Security Strategy, Plan, Budget

How to avoid an identity management crisis during the M&A process

A man jogs past the CBS Broadcast Center on August 13, 2019, in New York City, the day the $12 billion CBS-Viacom merger was announced. Not all deals are for that amount of money, but today’s columnist, Chad McDonald of Radiant Logic, says once a merger is in play, security teams have to identify all the important data and automate processes so thr...

Few business activities are as turbulent as mergers and acquisitions, and they’re happening more frequently. PwC estimates that 2021 was a record-breaking year, with more than 62,000 deals announced globally. Successful M&A can create huge opportunities for all involved, facilitating growth and enabling enterprises to seize new markets—but making M&A seamless is easier said than done, especially from a technical perspective. According to most studies, between 70% and 90% of acquisitions fail. Most explanations for this depressing number emphasize problems with integrating the two parties.

Because modern businesses are built around digital identities, most of the responsibility for making the transition falls on the shoulders of IT and security leaders. Imagine, for example, that a CISO of a large global organization has just acquired four companies in rapid succession. Each company is based in a different country, boasts over 100,000 employees, and has its own platforms for managing identity and system access.
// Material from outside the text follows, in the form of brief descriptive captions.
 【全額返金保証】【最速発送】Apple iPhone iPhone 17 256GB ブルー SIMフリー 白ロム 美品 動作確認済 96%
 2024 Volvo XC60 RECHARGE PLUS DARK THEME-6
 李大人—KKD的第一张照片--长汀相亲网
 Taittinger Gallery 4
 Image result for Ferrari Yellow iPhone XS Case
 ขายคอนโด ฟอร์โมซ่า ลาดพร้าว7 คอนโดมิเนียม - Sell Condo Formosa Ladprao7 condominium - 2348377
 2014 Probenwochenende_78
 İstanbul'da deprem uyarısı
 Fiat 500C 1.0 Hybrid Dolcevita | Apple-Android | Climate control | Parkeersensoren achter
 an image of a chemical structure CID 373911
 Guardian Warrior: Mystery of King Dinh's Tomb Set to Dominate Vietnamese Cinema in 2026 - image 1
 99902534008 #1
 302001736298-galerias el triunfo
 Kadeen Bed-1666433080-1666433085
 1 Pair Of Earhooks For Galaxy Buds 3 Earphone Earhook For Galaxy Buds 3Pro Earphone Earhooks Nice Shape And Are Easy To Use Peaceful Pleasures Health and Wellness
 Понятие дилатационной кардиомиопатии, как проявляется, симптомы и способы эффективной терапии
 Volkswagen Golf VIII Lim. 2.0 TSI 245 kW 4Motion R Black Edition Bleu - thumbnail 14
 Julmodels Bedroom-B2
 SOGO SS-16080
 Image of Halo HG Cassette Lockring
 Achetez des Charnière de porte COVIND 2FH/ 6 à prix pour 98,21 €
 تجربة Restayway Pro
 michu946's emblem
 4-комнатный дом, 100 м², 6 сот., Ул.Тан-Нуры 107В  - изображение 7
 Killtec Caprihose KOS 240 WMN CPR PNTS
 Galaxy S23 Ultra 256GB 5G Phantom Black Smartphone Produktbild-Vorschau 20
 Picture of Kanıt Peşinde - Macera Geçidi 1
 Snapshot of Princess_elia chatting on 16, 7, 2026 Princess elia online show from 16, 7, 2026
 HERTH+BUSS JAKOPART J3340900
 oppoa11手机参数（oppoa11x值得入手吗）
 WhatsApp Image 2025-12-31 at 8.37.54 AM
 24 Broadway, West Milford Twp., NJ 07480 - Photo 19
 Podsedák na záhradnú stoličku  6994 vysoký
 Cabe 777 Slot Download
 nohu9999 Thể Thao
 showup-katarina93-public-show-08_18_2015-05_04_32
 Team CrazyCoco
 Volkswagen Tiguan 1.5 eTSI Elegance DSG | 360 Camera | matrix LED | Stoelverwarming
So, short of completely deconstructing the acquisitions, how does the CISO go about merging identity and system access? And, more importantly, how does the security team complete this before circling threat actors swoop in to take advantage?

The challenge of managing M&A 

Once an M&A is completed, the new company has to get all parties synced up to work together. This means that all the employees across different locations need to communicate and access resources effectively, often a painfully slow process.

The first hurdle is synergizing counterpart departments across the different organizations. Bringing two companies together means two finance departments, engineering departments, and so on. While it’s common to keep regional teams together in some format, the team will see a lot of duplication of roles and activity, and, subsequently, employees exiting the company or moving to other departments.

From an IT perspective, this means there are suddenly a lot of orphaned user accounts that must be deleted, and other accounts that need roles and privileges changed. Managing this process demands a proper understanding of which accounts actually belong to real people.

The elevated cyber risk

A lax approach to employee exit processes can lead to a buildup of ghost accounts. On a small scale, security teams can start to resolve this by walking over to the finance department with a clipboard. On a global scale with thousands of employees, it isn’t straightforward.

These stale accounts present a serious security risk. If cyber criminals discover and compromise them, they can use and abuse the account’s access privileges with little oversight. Even more direct risks are posed by former employees deciding to exploit their former accounts for profit or out of malice. The risk becomes particularly grave when it comes to privileged accounts with admin capabilities.

The situation gets complicated further by the fact that user identities are usually  spread across multiple different platforms. There’s nothing to say that the Tim Smith in Active Directory is the same one in Salesforce, or the homebrew financial application the company uses.

How can IT and security teams connect the dots?

Start by developing a baseline understanding of the identities and systems in place across all the organizations involved in the M&A. Next, create a clear picture of just how many of these accounts still belong to real people that are currently employed at the company, and how many are ghosts or duplicates. With so many identities involved, getting an accurate idea of bodies in the room becomes mostly a manual process, usually involving HR departments and department managers.

Once this has been achieved, it’s time to get automated. The security team can then gather all the scraps of identity to create a singular identity data fabric. The security team can now discover the user identities that are now defunct and delete them with the help of automated tools, while mapping those that are still valid to an abstraction layer.

Now, the team can connect Tim Smith from finance to his many different digital identities, as well as gaining a single global view of what he can access across the ecosystem. Once in place, the security team can automatically update joiners and movers in the system, ensuring that identities are up-to-date in real time.

By establishing a single source for all identity data, IT and security heads can quickly form a clear picture from the multitude of pieces that come with M&A – before threat actors can seize the opportunity.